Have you ever heard anyone say "he/she is cute to be dark skinned?" or "I don’t date dark skinned guys/ladies?" Have you ever made a joke about the darkness of someone’s skin?
Most Black people can answer yes to one of these questions. Although, these comments may seem harmless, they are part of a much deeper problem in the African-American community. Derogatory statements like these are examples of colorism, a problem that has existed among Blacks for centuries.
According to africaspeaks.com, colorism is defined as a "Black-on-Black racism, based on skin-tone." The discrimination is based on the ideal that a person’s worth is directly related to the color of his or her skin, valuing lighter hues over darker hues.
It’s commonly known that colorism plagued the Black community after slavery and through the early to mid-twentieth century. In the early 1900’s, many black organizations, including colleges, practiced the "brown paper bag test" when accepting new members. If a person’s skin was not lighter than a brown paper bag, they would be denied admittance.
Though the brown paper bag test is antiquated and frowned upon as a shameful moment in African-American history, the ideals behind the practice still lingers in the African-American community. Modern-day colorism rears its ugly head in the day to day lives of Black Americans every day.
A recent documented example of modern-day colorism occurred in 2003, when the Equal Employment Opportunity Commission (EEOC) filed a lawsuit against international restaurant chain, Applebee’s Neighborhood Bar & Grill.
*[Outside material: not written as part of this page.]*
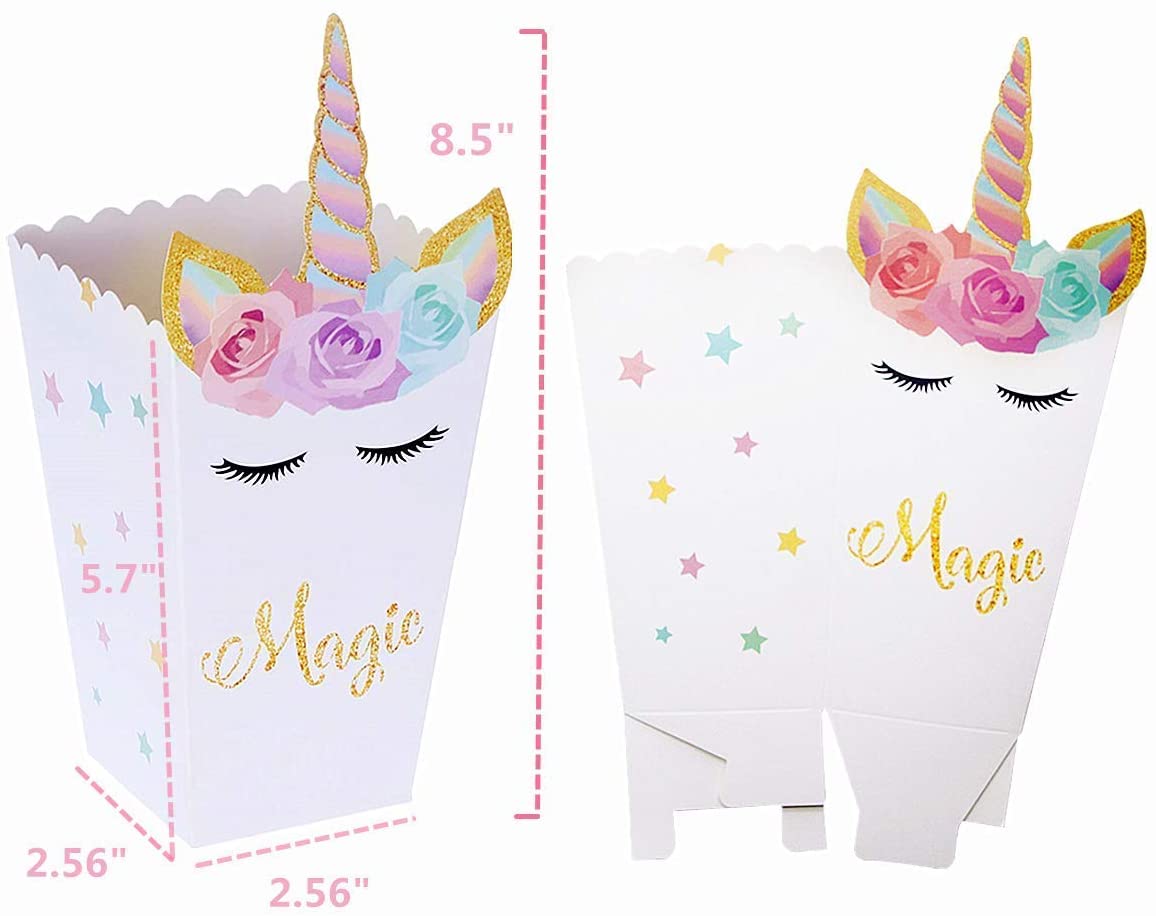 Magical Popcorn Birthday Events Snacks Treats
The suit was filed on behalf of Dwight Burch, an employee of the restaurant from December 2000 to March 2001.
Burch, a dark-skinned African-American, worked as a server in a Jonesboro, Georgia location of the restaurant. He claimed that his store manager, a light-skinned African-American man, made multiple offensive comments about his skin color during his time there. The man called Burch derogatory names, including "tar baby" and "Black monkey," and suggested that Burch should bleach his skin.
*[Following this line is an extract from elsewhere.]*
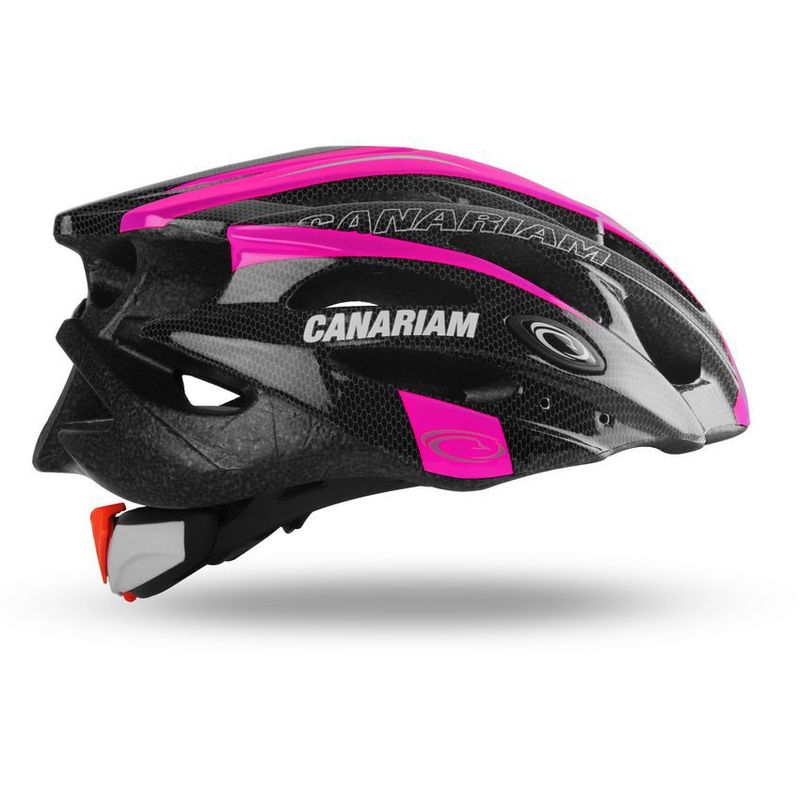 CANARIAM - Casco para ciclismo canariam sonic fucsia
When Burch expressed his distaste for his manager’s comments and threatened to report him to officials at Applebee’s Kansas headquarters, he was fired. The EEOC ultimately settled the case providing Burch with $40,000 in damages. The case forced Applebee’s to amend its discrimination and harassment policy to include color as a basis of prejudice, further protecting future employees from such harassment.
Such cases are extreme and uncommon, but more veiled instances of colorism occur in the personal, professional, and romantic lives of many African-Americans.
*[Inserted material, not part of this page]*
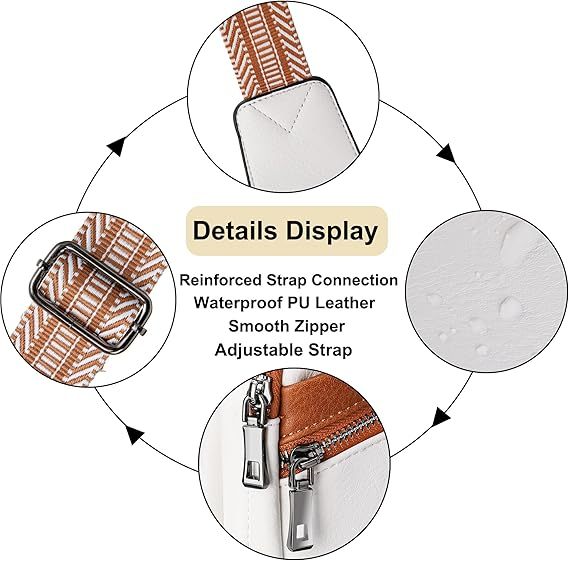 Multi Functional Leather Bag for Women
Berman Matthews, an alumnus of Ohio University, is all too familiar with skin tone discrimination. As a dark-skinned African-American, he has endured jokes and comments about his skin color from friends his entire life. "It’s upsetting, especially coming from a fellow Black person," he said.
Matthews has observed that white people also tend to be more comfortable around lighter-skinned Black people. He noticed in college, if there is a white fraternity with Black members, the members are almost always lighter skinned.
"If I don’t get a position [employment], it’s always in the back of my mind that I didn’t get it because I’m a dark-skinned Black man."
Influenced by the past and perpetuated in the present, colorism remains an obstacle to unity in the African-American community. The only answer is to confront it.
"It’s important for us to recognize our own beauty," said Davon L. McMullen, a senior political science major at Howard University," and stop focusing on the beauty ideals of others."